Fetching Data Using Threading
The use case
We need to retrieve data using yfinance, but the response time is usually slow. Using a simple loop to fetch information for a large number of tickers doesn’t seem very efficient.
Using a loop
Looping is a basic solution that works in some cases. The snippet below shows how long the server takes to respond when a loop is applied.
Tickers
We also need a ticker list to parse Yahoo Finance data and fetch the beta value. The ticker list can be retrieved from the SEC or from a Wikipedia article on the S&P 500. I choose the first 200 tickers from SEC data.
# 1. Using loop for fetching information
# Get US stock tickers from SEC data
def get_us_sec_tickers() -> list:
""" Returns a list of US stock tickers from SEC data. """

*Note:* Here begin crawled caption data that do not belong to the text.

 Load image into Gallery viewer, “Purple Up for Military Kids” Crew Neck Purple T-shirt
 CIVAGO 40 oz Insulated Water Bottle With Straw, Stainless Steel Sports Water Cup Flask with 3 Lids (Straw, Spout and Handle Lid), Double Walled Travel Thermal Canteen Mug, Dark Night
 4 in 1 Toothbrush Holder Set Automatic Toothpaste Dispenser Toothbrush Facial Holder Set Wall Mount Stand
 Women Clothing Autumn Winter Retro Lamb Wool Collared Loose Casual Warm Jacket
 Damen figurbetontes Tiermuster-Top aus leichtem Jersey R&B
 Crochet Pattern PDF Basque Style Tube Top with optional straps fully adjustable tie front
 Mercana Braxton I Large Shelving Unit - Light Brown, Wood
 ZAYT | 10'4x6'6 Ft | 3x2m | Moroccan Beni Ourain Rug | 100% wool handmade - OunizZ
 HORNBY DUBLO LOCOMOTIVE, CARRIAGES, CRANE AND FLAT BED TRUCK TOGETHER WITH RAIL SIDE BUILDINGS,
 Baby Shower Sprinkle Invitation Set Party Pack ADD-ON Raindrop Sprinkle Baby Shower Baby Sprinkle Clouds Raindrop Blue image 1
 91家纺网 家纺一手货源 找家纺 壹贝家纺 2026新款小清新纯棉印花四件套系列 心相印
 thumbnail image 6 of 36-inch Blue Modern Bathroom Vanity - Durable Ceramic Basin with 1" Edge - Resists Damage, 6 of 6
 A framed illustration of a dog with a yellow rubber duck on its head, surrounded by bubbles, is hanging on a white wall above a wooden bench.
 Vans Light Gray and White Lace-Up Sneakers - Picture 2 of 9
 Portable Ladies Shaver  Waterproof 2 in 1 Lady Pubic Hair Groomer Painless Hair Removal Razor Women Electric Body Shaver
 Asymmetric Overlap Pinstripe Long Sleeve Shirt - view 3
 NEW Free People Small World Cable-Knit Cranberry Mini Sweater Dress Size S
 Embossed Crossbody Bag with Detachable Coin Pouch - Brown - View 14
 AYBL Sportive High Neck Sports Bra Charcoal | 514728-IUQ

url = "https://www.sec.gov/files/company_tickers.json"
headers = {
"User-Agent": "Mozilla/5.0 (Windows NT 10.0; Win64; x64) AppleWebKit/537.36"
}
response = requests.get(url, headers=headers, timeout=10)
data = response.json()
result = []
for i in data:
result.append(data[str(i)]["ticker"])
return result
Handling internal errors through exception handling and retrieving the tickers’ beta values:
def process_ticker(ticker):
try:
stock_data = yf.Ticker(ticker)
data = stock_data.info["beta"]
print(f"{ticker}: {data}")
return data
except KeyError:
return None
Here is the for loop that parses the first 200 ticker symbols from the SEC and retrieves their beta values from Yahoo Finance:
LIMIT = 200 # Limit to first N tickers for testing
def main():
tickers = get_us_sec_tickers()[:LIMIT] # Limit to first LIMIT tickers for testing
print(f"Total tickers: {len(tickers)}")
results = []
for ticker in tickers:
data = process_ticker(ticker)
if data is not None:
results.append(data)
print(f"Valid tickers: {len(results)}")
Evaluating and printing the elapsed time:
if __name__ == "__main__":
# Start time
start_time = time.time()
print(f"Start time: {time.strftime('%H:%M:%S', time.localtime(start_time))}")
# Run the main function
main()
# Elapsed time
elapsed_time = time.time() - start_time
print(f"Total elapsed time: {elapsed_time:.2f} seconds")
Let’s see:
Start time: 23:19:23
Total tickers: 200
NVDA: 2.375
AAPL: 1.116
GOOGL: 1.112
MSFT: 1.108
...
Valid tickers: 193
Total elapsed time: 87.27 seconds
Using threading
Threading is a way to speed up the response time. After clearing the cache to avoid triggering internal yfinance issues, it is important to configure the number of workers (threads) for concurrent processing.
Here’s how it looks.
# 2. Using threads for fetching data
def clear_yfinance_cache() -> None:
"""
Clear yfinance cache to avoid stale data issues.
This kind of error:
HTTP Error 401: {"finance":{"result":null,"error":{"code":"Unauthorized","description":"Invalid Crumb"}}}
"""
cache_dir = os.path.join(os.environ["LOCALAPPDATA"], "py-yfinance")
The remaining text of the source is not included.